Bottom line: Not so “good.”
Probably the best part of this latest Pixar film was the marketing decision to release it during the long Thanksgiving weekend, when its competition consisted of more grown-up offerings. TGD is just OK at best, and borderline offensive (I think) at times. It’s weak Pixar, to be kind, and occasionally little more than glorified Saturday morning television fare.
First, the strengths. The backgrounds are beautiful, and sometimes genuinely stunning and breathtaking. The film’s rendering of water is exquisite. Water is notoriously difficult to get right in animation, especially when one is attempting something close to realism over visual poetry.
Unfortunately, the artistry of the main animal characters isn’t up to the level of the backgrounds, and its shows. Sometimes it doesn’t matter, and other times, it’s painfully obvious.
The story is generic, but that’s not the problem. On paper, most of the great Pixar or Disney films sound simplistic in terms of plot. The problem with The Good Dinosaur is that it’s essentially one-dimensional. Pixar films are known to resonate with both children and adults, and with meaning that touches the heart, the mind and the memory banks. TGD is children’s fare, and while certain sequences have their own excitement, the Toy Story adult/child vibe or the Inside Out multi-level richness is absent. It’s cute, but won’t reward multiple viewings in the same way.

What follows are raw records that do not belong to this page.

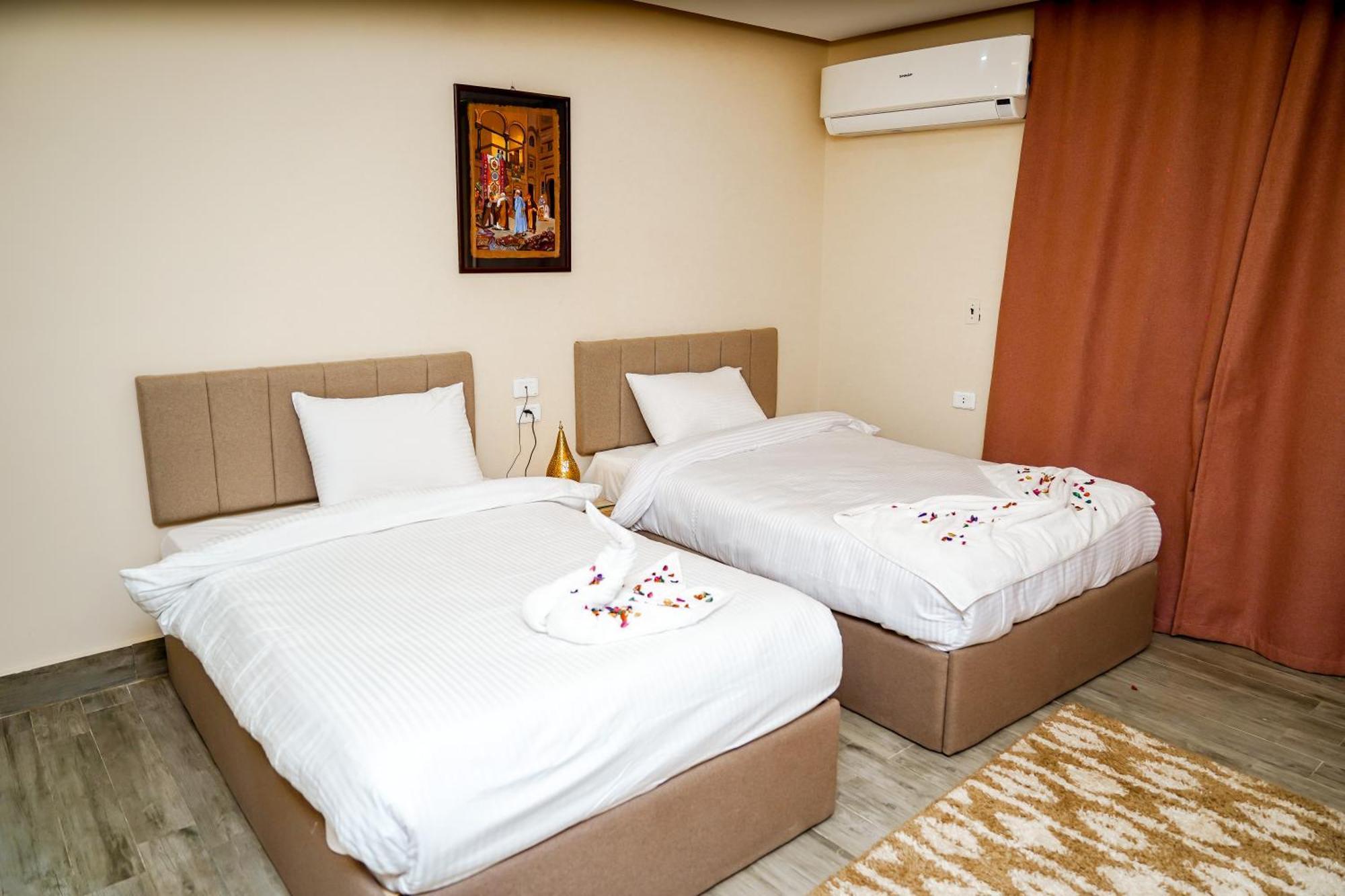 Pyramids Hotel Kafret el-Gabal المظهر الخارجي الصورة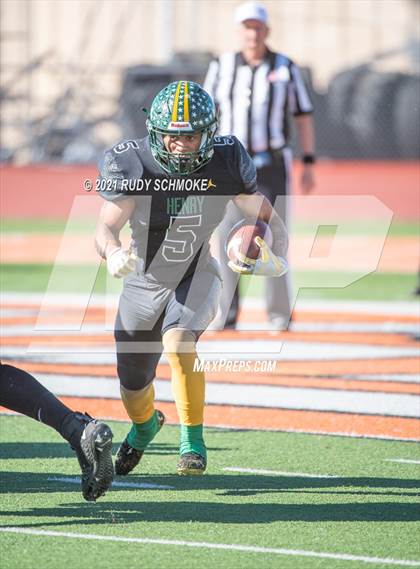 Thumbnail 1 in Patrick Henry vs. University City (CIF SDS Division 4 finals) photogallery.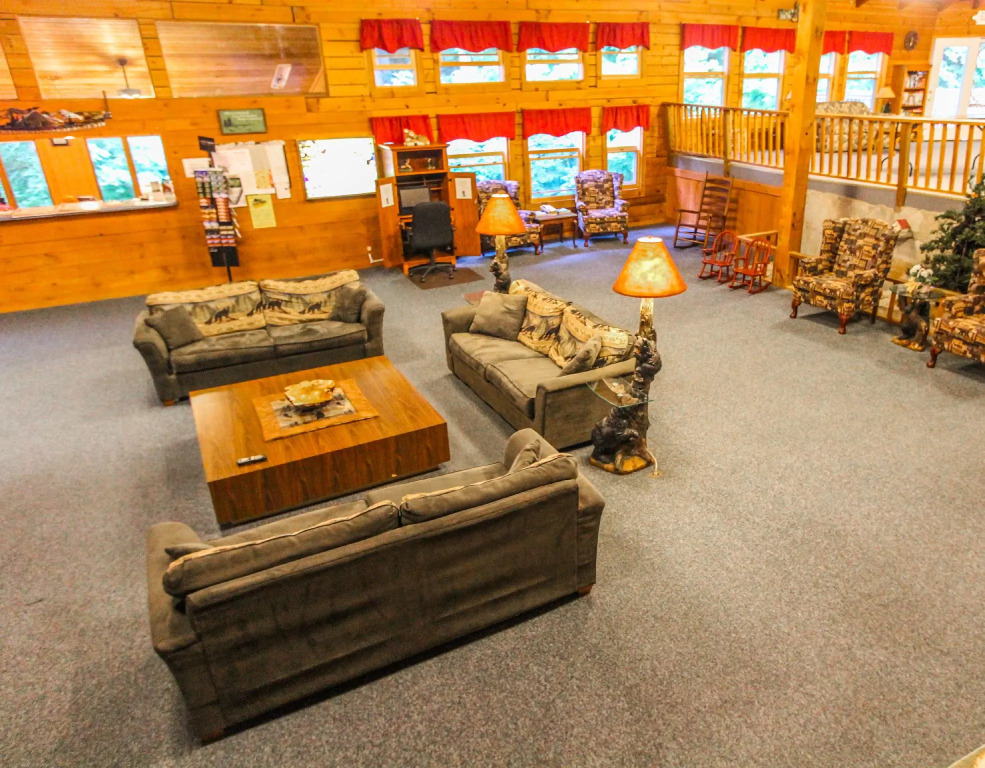 Smoketree Lodge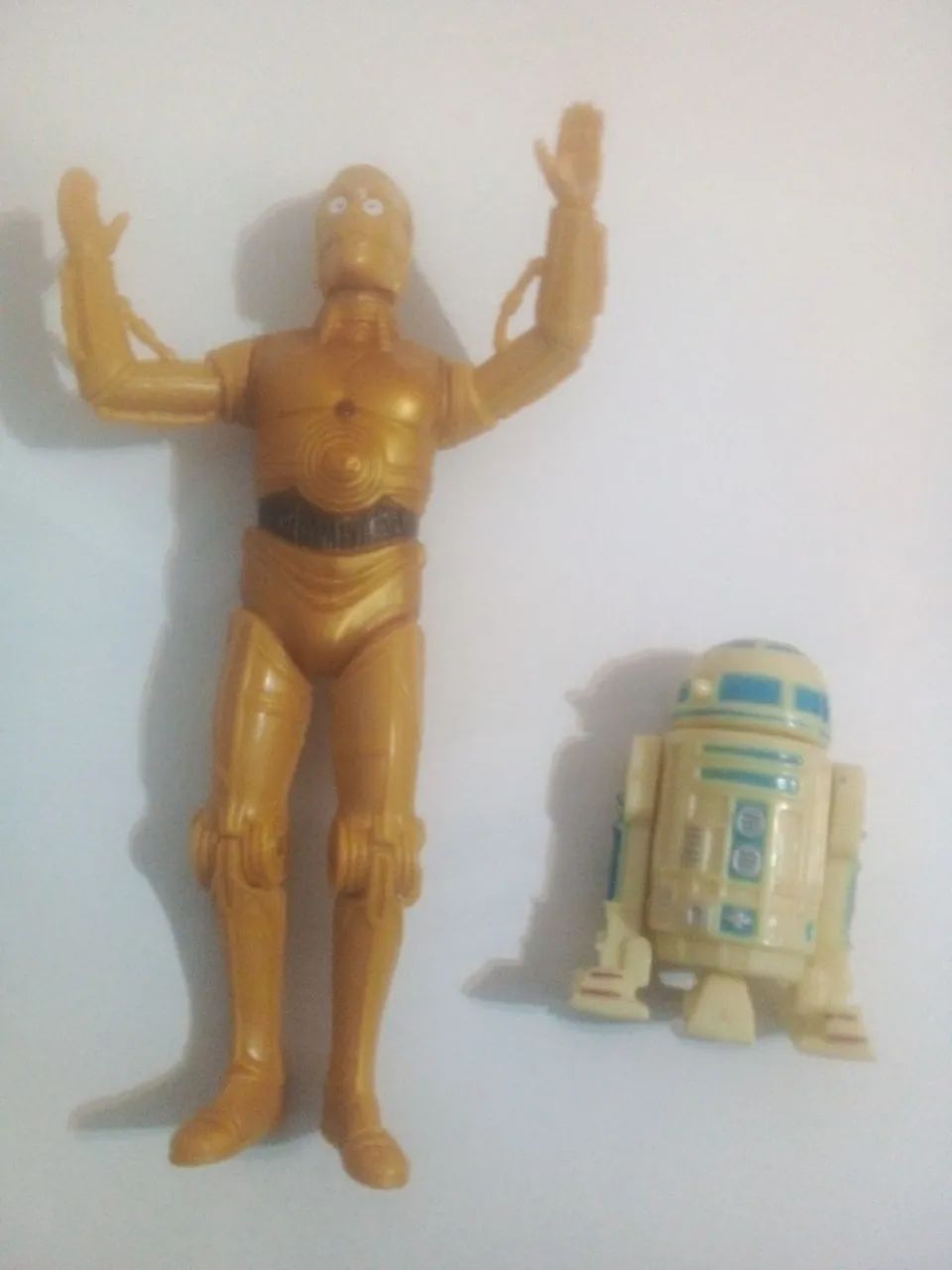 Dois bonecos articulados Star Wars, C-3PO e R2-D2 - Foto 5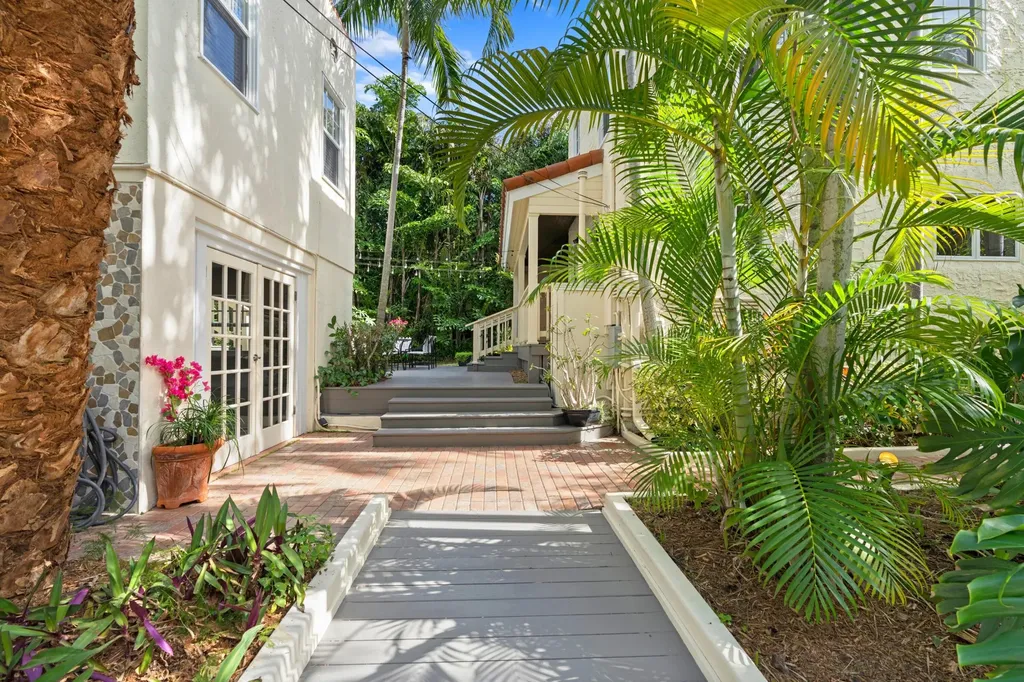 727 Claremore Drive West Palm Beach FL 33401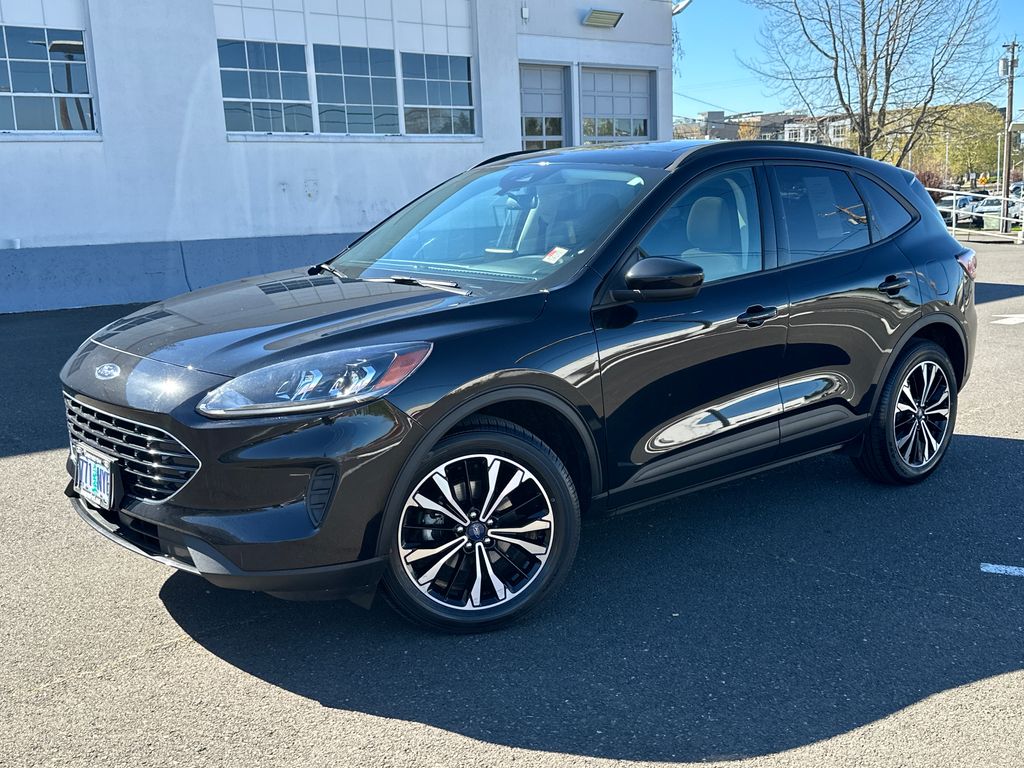 Black Metallic 2022 Ford Escape SE AWD SUV / Crossover All-Wheel Drive 8-Speed Automatic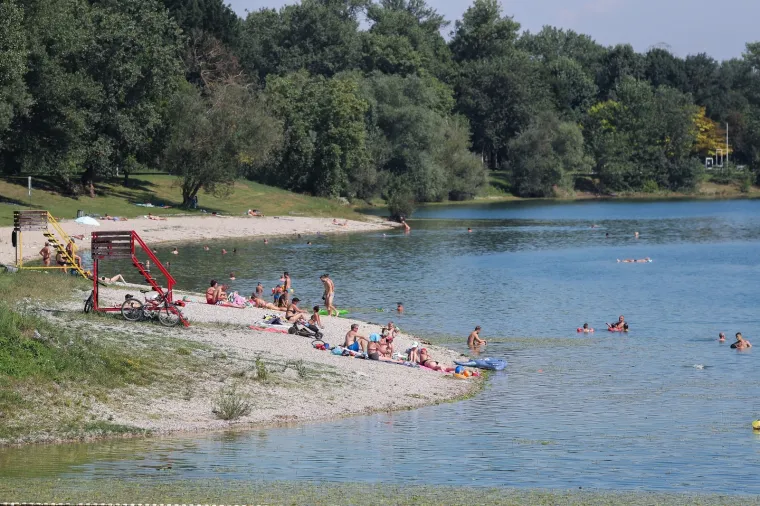 Neki preferiraju bazen, a neki Jarun: Evo kako su se Zagrepčani nosili s nesnosnim vikend vrućinama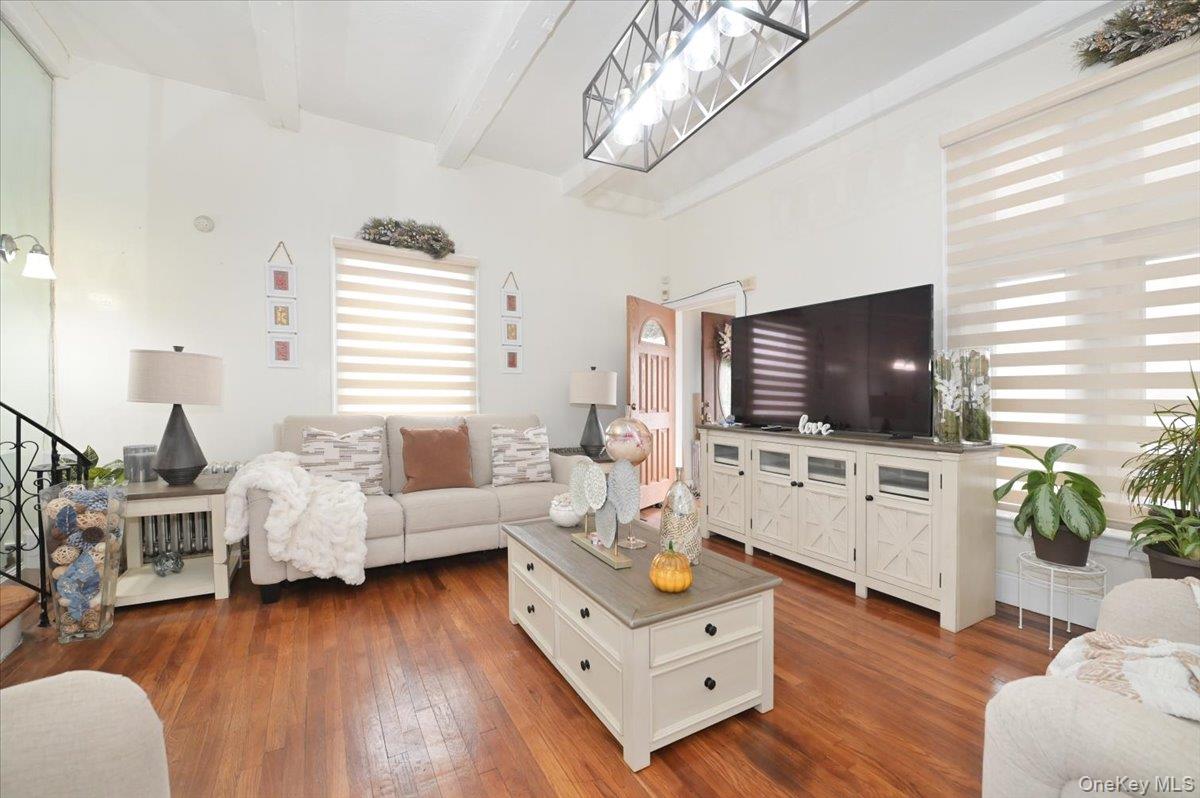 13071 225th Street, Laurelton, NY 11413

There are also a few…let’s call them…challenges with the film. The first is the preceding cartoon is “Sanjay’s Super Team,” which may challenge parents not acquainted with Hindu gods to explain what’s going on to their children.
Some of the other challenges involve the main film’s evolutionary stance. It’s not unusual to see something like “65 Million Years Ago” or some such dating in a modern film. But the treatment of the little “feral human” and his (spoiler alert) ultimate family unit as half-humans somewhere up the chain between knuckle-draggers and full human beings may not jive with many parents’ view of how we got here on this Earth.
Perhaps most in-your-face offensive is the seeming occasional satire of Christianity, which is a bit jarring in a children’s film. One of the more nasty critters is fond of using the phrase “the storm provides” in an obvious pun on “the Lord provides.” That could have been cute and a funny variation. But with the other “revival” activities surrounding the use of that phrase [one of the other creatures gets a “relevation,” (revelation) in a kind of ecstatic experience] the religious references are more cutting and offensive than quaint or creative. It’s hard not to find the combination merely a fun twist of phrase.
The film was known to have replaced its original director and to have delayed its release date by a year. Perhaps that accounts for the problems with the film. For younger children, it might prove a diversion. It certainly won’t become a classic.